Spatial localization data:
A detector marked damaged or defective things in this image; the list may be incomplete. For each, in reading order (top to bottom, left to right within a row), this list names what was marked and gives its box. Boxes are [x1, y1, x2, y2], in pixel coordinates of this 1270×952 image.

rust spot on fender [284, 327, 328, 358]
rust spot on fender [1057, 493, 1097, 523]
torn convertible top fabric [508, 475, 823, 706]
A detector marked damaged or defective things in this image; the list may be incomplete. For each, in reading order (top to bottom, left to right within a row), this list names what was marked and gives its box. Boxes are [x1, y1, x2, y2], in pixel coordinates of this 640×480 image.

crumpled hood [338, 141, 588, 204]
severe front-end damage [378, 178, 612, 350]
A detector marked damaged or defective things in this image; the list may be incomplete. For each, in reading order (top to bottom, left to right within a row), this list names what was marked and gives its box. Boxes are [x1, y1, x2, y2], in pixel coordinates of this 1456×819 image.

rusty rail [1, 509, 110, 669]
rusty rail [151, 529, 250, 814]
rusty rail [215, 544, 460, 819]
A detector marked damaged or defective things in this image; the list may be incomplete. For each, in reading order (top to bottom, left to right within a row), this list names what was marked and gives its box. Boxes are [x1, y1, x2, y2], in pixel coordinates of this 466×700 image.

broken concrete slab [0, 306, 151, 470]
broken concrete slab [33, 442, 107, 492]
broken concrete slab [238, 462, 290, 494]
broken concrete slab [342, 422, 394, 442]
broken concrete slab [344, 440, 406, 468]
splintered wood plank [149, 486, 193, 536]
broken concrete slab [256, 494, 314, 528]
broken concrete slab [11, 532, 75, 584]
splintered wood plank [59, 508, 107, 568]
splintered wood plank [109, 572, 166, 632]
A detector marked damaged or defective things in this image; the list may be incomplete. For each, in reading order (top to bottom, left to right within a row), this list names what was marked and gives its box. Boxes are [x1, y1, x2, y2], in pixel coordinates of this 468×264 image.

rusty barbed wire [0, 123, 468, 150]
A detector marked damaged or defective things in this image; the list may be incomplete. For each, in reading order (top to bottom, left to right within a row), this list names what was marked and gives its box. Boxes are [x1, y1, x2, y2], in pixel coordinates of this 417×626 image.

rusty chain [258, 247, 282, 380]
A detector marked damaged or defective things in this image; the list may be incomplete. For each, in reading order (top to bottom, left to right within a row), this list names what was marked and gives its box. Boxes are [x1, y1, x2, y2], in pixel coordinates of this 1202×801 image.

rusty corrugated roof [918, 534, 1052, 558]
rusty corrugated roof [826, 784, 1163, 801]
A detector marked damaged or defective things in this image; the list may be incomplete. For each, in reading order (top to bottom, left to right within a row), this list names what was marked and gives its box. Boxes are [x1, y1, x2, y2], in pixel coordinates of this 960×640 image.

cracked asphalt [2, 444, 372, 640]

**Work to complete**
Set down each line of the data precisely as it appears above.

**Exercise output**
A detector marked damaged or defective things in this image; the list may be incomplete. For each, in reading order (top to bottom, left to right within a row), this list names what was marked and gives its box. Boxes are [x1, y1, x2, y2], in pixel coordinates of this 1270×952 image.

rust spot on fender [284, 327, 328, 358]
rust spot on fender [1057, 493, 1097, 523]
torn convertible top fabric [508, 475, 823, 706]
A detector marked damaged or defective things in this image; the list may be incomplete. For each, in reading order (top to bottom, left to right within a row), this list names what was marked and gives its box. Boxes are [x1, y1, x2, y2], in pixel coordinates of this 640×480 image.

crumpled hood [338, 141, 588, 204]
severe front-end damage [378, 178, 612, 350]
A detector marked damaged or defective things in this image; the list may be incomplete. For each, in reading order (top to bottom, left to right within a row), this list names what was marked and gives its box. Boxes are [x1, y1, x2, y2], in pixel coordinates of this 1456×819 image.

rusty rail [1, 509, 110, 669]
rusty rail [151, 529, 250, 814]
rusty rail [215, 544, 460, 819]
A detector marked damaged or defective things in this image; the list may be incomplete. For each, in reading order (top to bottom, left to right within a row), this list names what was marked and gives its box. Boxes are [x1, y1, x2, y2], in pixel coordinates of this 466×700 image.

broken concrete slab [0, 306, 151, 470]
broken concrete slab [33, 442, 107, 492]
broken concrete slab [238, 462, 290, 494]
broken concrete slab [342, 422, 394, 442]
broken concrete slab [344, 440, 406, 468]
splintered wood plank [149, 486, 193, 536]
broken concrete slab [256, 494, 314, 528]
broken concrete slab [11, 532, 75, 584]
splintered wood plank [59, 508, 107, 568]
splintered wood plank [109, 572, 166, 632]
A detector marked damaged or defective things in this image; the list may be incomplete. For each, in reading order (top to bottom, left to right within a row), this list names what was marked and gives its box. Boxes are [x1, y1, x2, y2], in pixel coordinates of this 468×264 image.

rusty barbed wire [0, 123, 468, 150]
A detector marked damaged or defective things in this image; the list may be incomplete. For each, in reading order (top to bottom, left to right within a row), this list names what was marked and gives its box. Boxes are [x1, y1, x2, y2], in pixel coordinates of this 417×626 image.

rusty chain [258, 247, 282, 380]
A detector marked damaged or defective things in this image; the list may be incomplete. For each, in reading order (top to bottom, left to right within a row), this list names what was marked and gives its box. Boxes are [x1, y1, x2, y2], in pixel coordinates of this 1202×801 image.

rusty corrugated roof [918, 534, 1052, 558]
rusty corrugated roof [826, 784, 1163, 801]
A detector marked damaged or defective things in this image; the list may be incomplete. For each, in reading order (top to bottom, left to right within a row), this list names what was marked and gives its box. Boxes are [x1, y1, x2, y2], in pixel coordinates of this 960×640 image.

cracked asphalt [2, 444, 372, 640]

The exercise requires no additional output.